The time taken (*t*) is given by

* t = L/v *where *v* is the velocity of the disturbance.

But *v = *√(*T/m*) where *T* is the tension and *m* is the *linear density* (mass per unit length) of the string. Since *m = M/L* we obtain* v = *√(*TL/M*)

Therefore, *t = L/*√(*TL/M*)* **= *√(*LM/T*)

**(3)** Transverse waves travel along a stretched wire of uniform cross section area *A* with a speed of 100 ms^{–1}. If the wire were of cross section area *A/*2 and stretched under the same tension, the speed of the transverse waves would be

(a) 100 ms^{–1}

(b) 200 ms^{–1}

(c) 50 ms^{–1}

(d) 100√2 ms^{–1}

(e) 100/√2 ms^{–1}

Speed (*v*) of transverse waves in a stretched string is given by

*v =* √(*T/m*)** **where *T* is the tension in the string and ‘*m*’ is the linear density (mass per unit length) of the string.

Since *m = A* *ρ* where *A* is the cross section are and* * *ρ* is the density of the material of the wire, the linear density is directly proportional to the cross section area. When the cross section area is reduced to half the initial value, the linear density is reduced to half the initial value.

With the first wire we have

100 = √(*T/m*)

With the wire of half the area of cross section the velocity *v’ *is given by

*v’ =* √(2*T/m*) on replacing *m* in the above expression with *m/*2

Therefore *v’ =*100√2 ms^{–1}

**(4)** When two tuning forks are sounded together 4 beats ars heard per second. One tuning fork is of frequency 346 Hz. When its prong is loaded with a little wax, the number of beats is increased to 6 per second. The frequency of the other fork is

(a) 352 Hz

(b) 340 Hz

(c) 342 Hz

(d) 346 Hz

(e) 350 Hz

The frequency of the unknown fork must be either 342 Hz or 350 Hz since 4 beats are produced initially. When the fork of frequency 346 Hz is loaded with wax, its frequency is reduced. The number of beats then *increased* since its frequency is *lower *than that of the unknown fork.

**(5)** In the adjoining figures (a), (b), (c), (d) and (e) S is a source of sound of real frequency *n* and L is a listener. The speeds of the source and the listener are equal (*V*) in all cases except in (e) where the source is at rest and the listener is moving with speed *V* (as in the other cases). There is no wind. Pick out the wrong statement from the following:

(a) In the case shown in figure (a) the apparent frequency as heard by the listener is equal to the real frequency of the source.

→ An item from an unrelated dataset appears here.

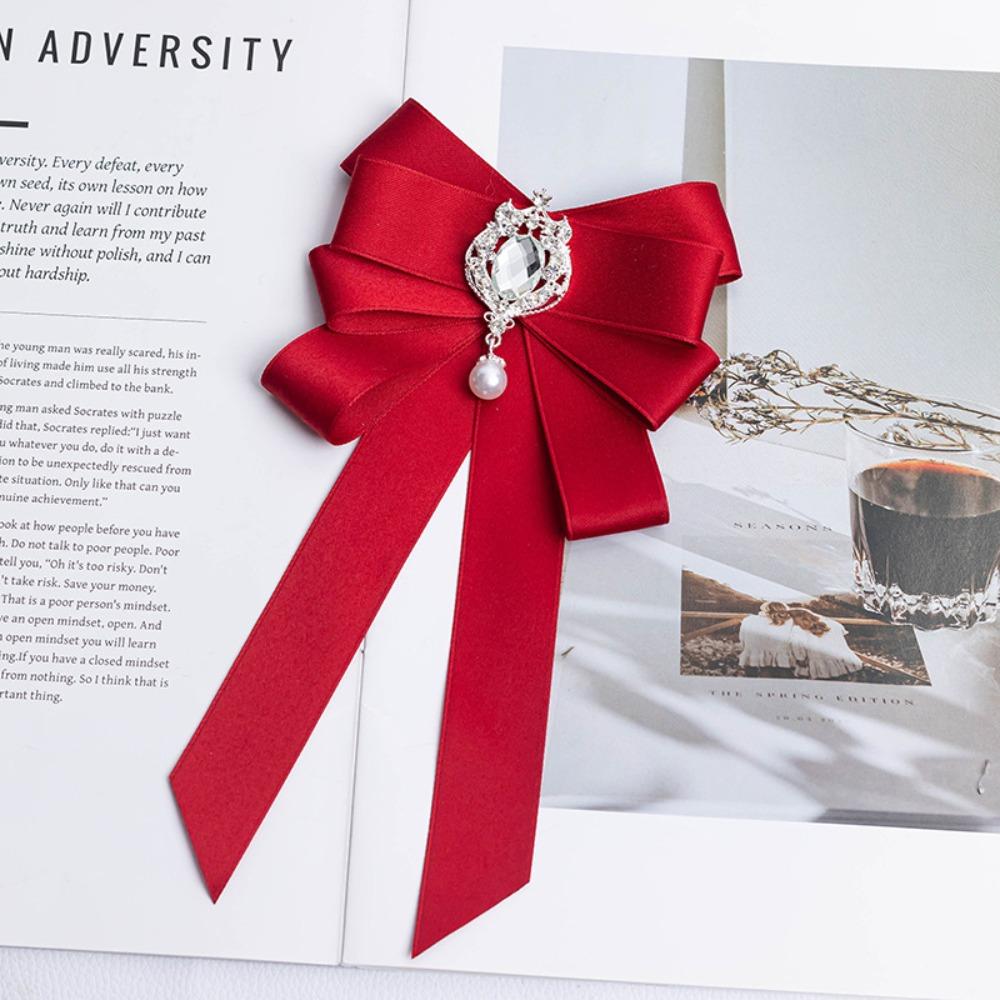 Elegant Alloy Bow Tie Pre-tied Rhinestone Bowknot Brooches Detachable Crystal Rhinestone Bowtie Jewelry Accessories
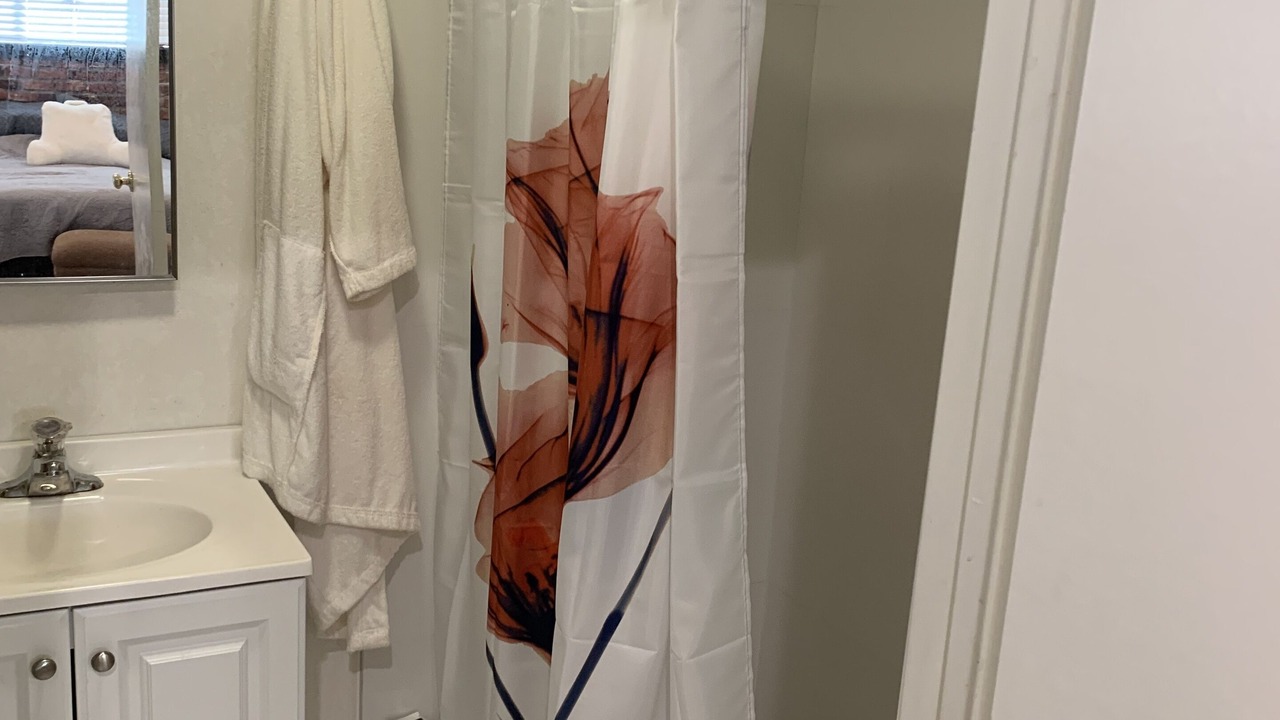 Photo of Bathroom in Duarte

(b) In the case shown in fig (b) the apparent frequency as heard by the listener is the greatest.

(c) In the case shown in fig (c) the apparent frequency as heard by the listener is the least.

(d) In the case shown in fig (d) the apparent frequency as heard by the listener is less than the real frequency of the source.

(e) In the case shown in fig (e) the apparent frequency as heard by the listener is greater than the real frequency of the source.

When the source moves towards the listener and/or the listener moves towards the source the apparent frequency is increased. When the source moves away from the listener and/or the listener moves away from the source the apparent frequency is decreased. If there is *no relative motion* between the source and the listener there is no change in the frequency. So statement (d) is incorrect. (Since there is no relative motion between the source and the listener there is no change in the frequency. Note that they are moving with the same velocity).

Option (d) is the answer.

**(6) **Pure sound notes** **from two sources make the molecules of air at a location vibrate simple harmonically in accordance with the equations

*y*_{1}* = *0.008 sin (604 *π t*) and

*y*_{2}* = *0.007 sin (610 *π t*) respectively.

The number of beats heard by a person at the location will be

(a) 1

(b) 2

(c) 3

(d) 4

(e) 6

The expressions are of the simplest form of simple harmonic motion,

*y = a *sin *ωt* where *y *is the displacement at the instant *t*, *a* is the amplitude, and *ω* is the angular frequency. The angular frequency *ω* is related to the linear frequency *f* as *ω = *2*πf*.

The linear frequencies of the two sounds are therefore 302 Hz and 305 Hz. [2*πf*_{1} = 604 *π* and 2*πf*_{2} = 610 *π*]

The number of beats heard is 305 – 302 = 3 [Option (c)].